KETCHUM — The Argyros Performing Arts Center was still a concrete shell full of workers wielding blow torches and electrical saws when representatives of arts centers across the country began visiting Sun Valley for sneak peeks.
It opened to the public Saturday following a donor party featuring former Chicago vocalist Peter Cetera, who lives in Sun Valley. And, while many of the key pieces are still missing, it gave those who turned out for the opening an opportunity to see the possibilities the state-of-the-art facility holds.
“We’re being talked about all over the country because of the state-of-the-art features we’re putting in this building,” said Michael Hoover, the Argyros venue and events manager. “It’s flattering – and humbling – to have that recognition.”
The $15 million 25,000-square foot facility opened on the site of the former nexStage Theater across from the Limelight Hotel in Ketchum.
Inspired by the 283-seat Strand Theater in San Francisco, it features a performance hall, a café and a smaller studio that can be used for intimate performances, private luncheons and other gatherings
The main theater features 210 red-upholstered seats manufactured in Belgium that can be retracted to allow the main theater to be turned into a cabaret or even a gala dinner. And it has been configured to allow for an additional 250 seats when the occasion calls for it.
A Meyer Constellation sound system still to be dialed in transforms acoustics so the theater can reverberate as if a choir is singing in St. Andrews Cathedral or give musicians a Kennedy Center-like concert hall experience.
Fifty-plus microphones will pick up and amplify the voices of those on stage so no one need use a handheld or lapel mike.
“We’ll be just the fifth performing arts center west of the Mississippi to own this,” said Hoover.
A 4K quality projector offers such brightness and resolution that audiences will be able to see exceptional quality images with the shades up. The projection system runs so hot that it has its own air conditioning system on the roof to keep it cool.
The lighting designer will be able to walk out on a tension grid catwalk so strong it can hold an elephant to hang curtains and lights. In most theaters, Hoover said, the light apparatus is lowered to the floor for the desired number of lights to be affixed and then the lighting designer has to climb a ladder to turn the lights where he or she wants them.
“I can create a thousand different colors to illuminate the stage,” said the center’s technical director, Samuel Mollner, as he pressed an orange button on a color chart, then dragged his finger around the center of a computerized lighting display to turn the orange different shades of orange.
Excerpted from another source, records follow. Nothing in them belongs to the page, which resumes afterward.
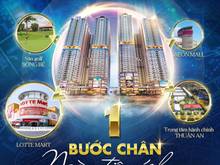 Hình ảnh Astral city Trang Chủ MB66.COM / Đăng Ký Tặng 66K 1 phòng ngủ cộng, cam kết lợi nhuận 12%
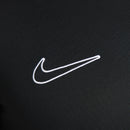 NIKE M NK DF ACD25 SS TOP BR 492 BLUE VOID/BLACK/ORANGE PUL Fanartikel NIKE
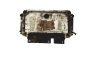 Calculateur PSA 0261207477 9643218980 9645937380 Bosch 24065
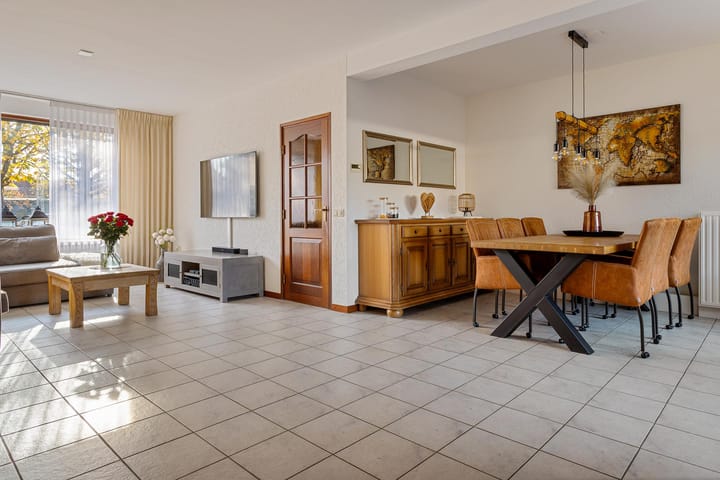 Foto 7 van Lynssenstraat 26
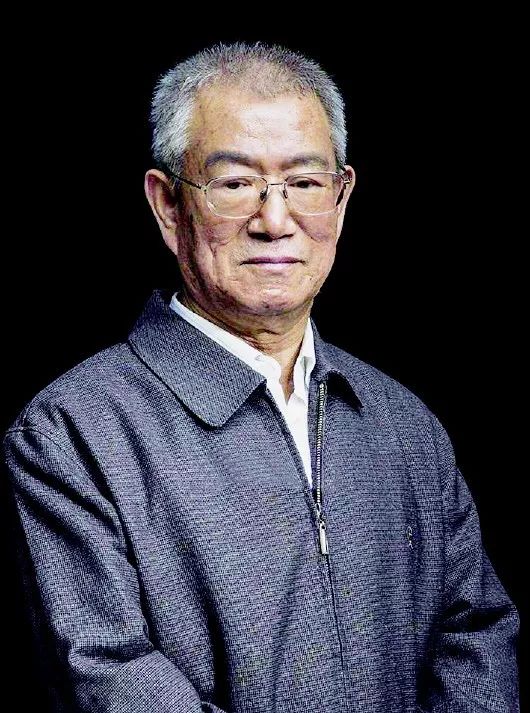 天水各个地区的名称由来,天水名字的由来是什么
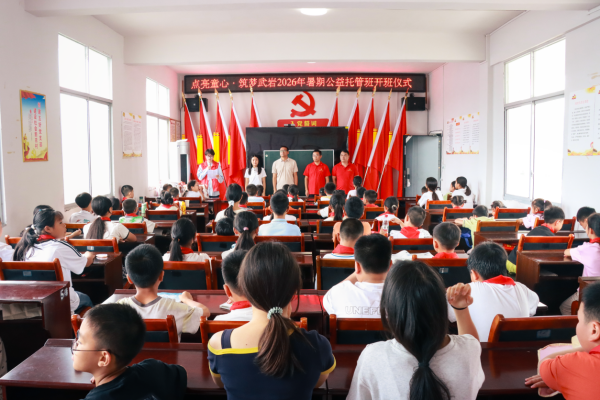 图片12.png 图片12.png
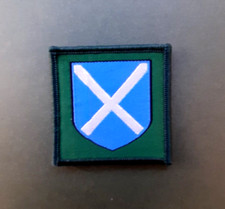 Brigada 52 (Lowland)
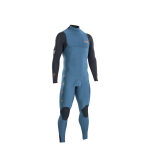 Ion Seek Amp 5/4 Back Zip Men's Wetsuit 2022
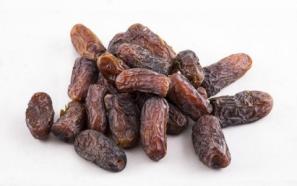 خرید و قیمت انواع خرما پیارم بندرعباس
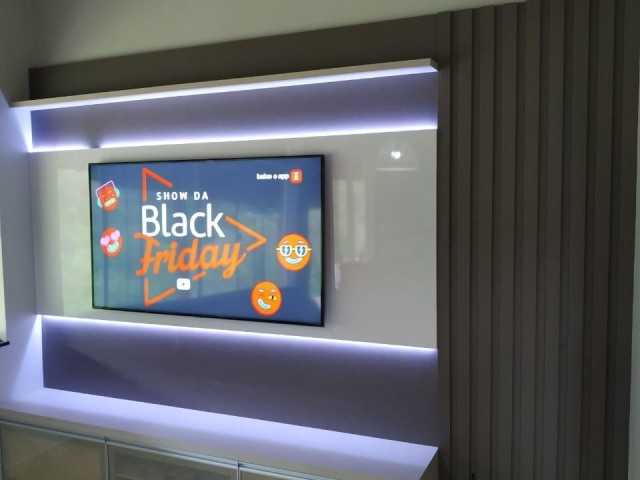 Roupeiros WD Moveleira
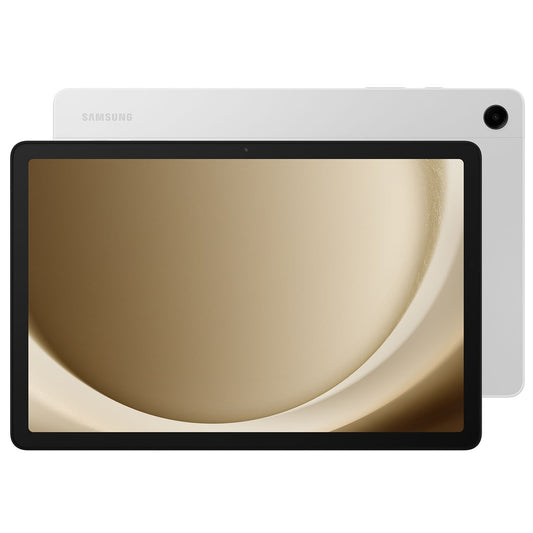 Samsung Galaxy Tab A9+ 11" 128GB WIFI - White (SM-X210NZAEEUE)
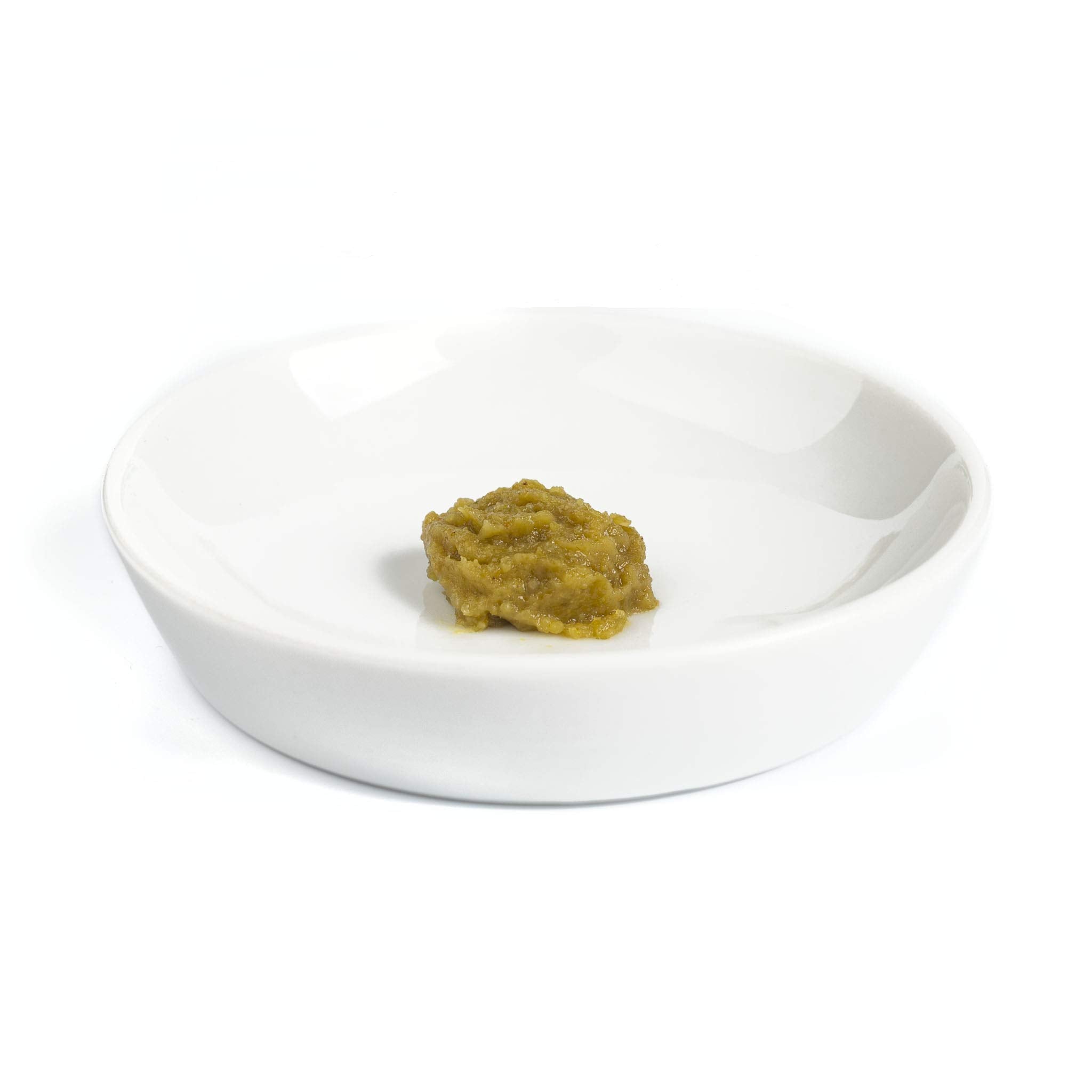 Yuzu Kosho (Yuzu Pepper Paste), 1.76 oz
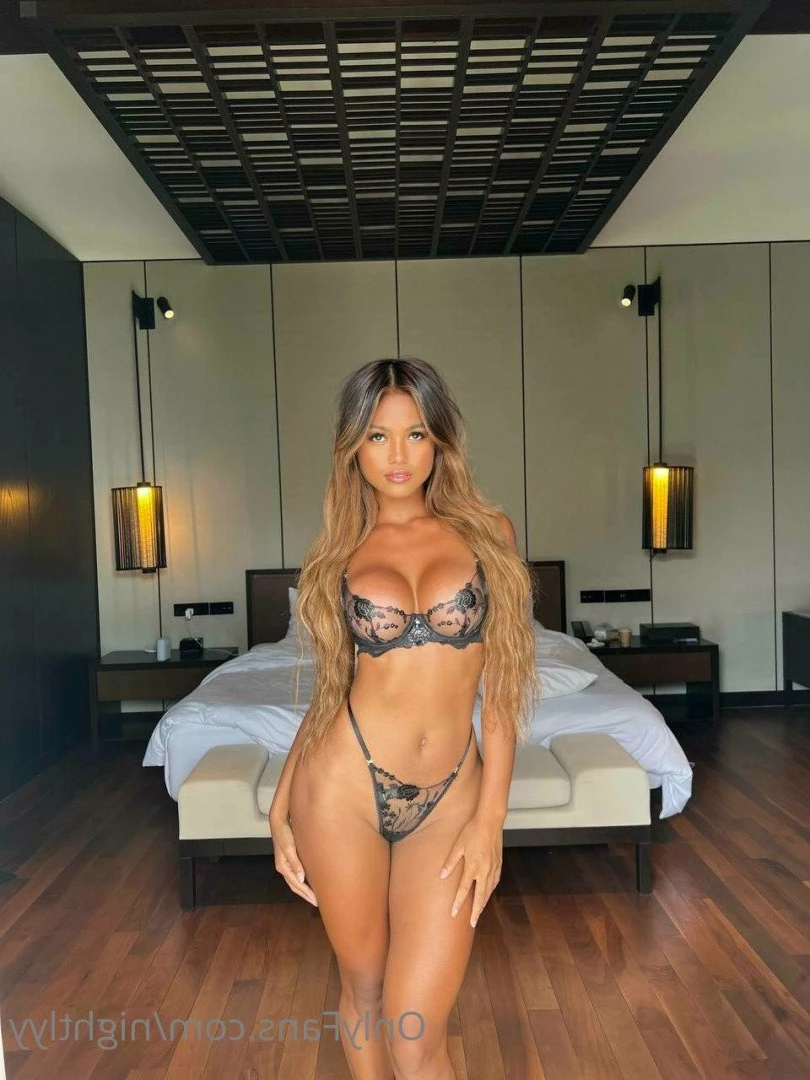 Nightly 💗 [ nightlyy ] Onlyfans leaked photo 5067982 on Hotleaks.tv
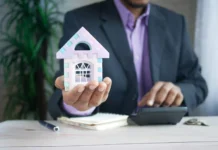 Real Estate Companies in Chandigarh 2026: A Complete Buyer’s Guide Real Estate Companies in Chandigarh 2025: A Complete Buyer’s Guide - Real Estate & Housing in Chandigarh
There is a resilient, or sprung, dance floor with shock-absorbing cushioning to reduce the impact on joints.
And the lobby will feature a café tentatively scheduled to be open from 7 a.m. to 4 p.m. seven days a week with coffee, beer and wine in addition to grab-and-go food.
Eighty-five dates have already been booked in the center’s first 110 days, said Hoover.
Upcoming shows include a performance by America Ballet Theatre dancer and Sun Valley native Isabella Boylston and The Mystical Arts of Tibet, which features Tibetan monks sharing their culture.
Groups planning to use the center this coming year include the Sun Valley Film Festival, Sun Valley Wellness Festival, TEDxSunValley, Sun Valley Opera and the Sun Valley Center for the Arts for its performing arts and lecture series.
And the Sun Valley Summer Symphony plans to hold its first ever Winter Festival – all free, just like its summer concerts – Feb. 19-24.
More national and international acts will be booked as the center gets fine-tuned, said Hoover.
Tim Mott is a board member of Sun Valley Performing Arts, which oversaw the fundraising and design of the building. He said the center will augment the world-class venues in Sun Valley that include the Sun Valley Pavilion where the Sun Valley Summer Symphony plays and Sun Valley Ski Resort’s Bald Mountain.
“I think people will be thrilled when they hear the sound system,” he said. “It’s extremely high quality and high fidelity and the reproduction of the range of sound is just astonishing. It has to be heard, it has to be experienced.”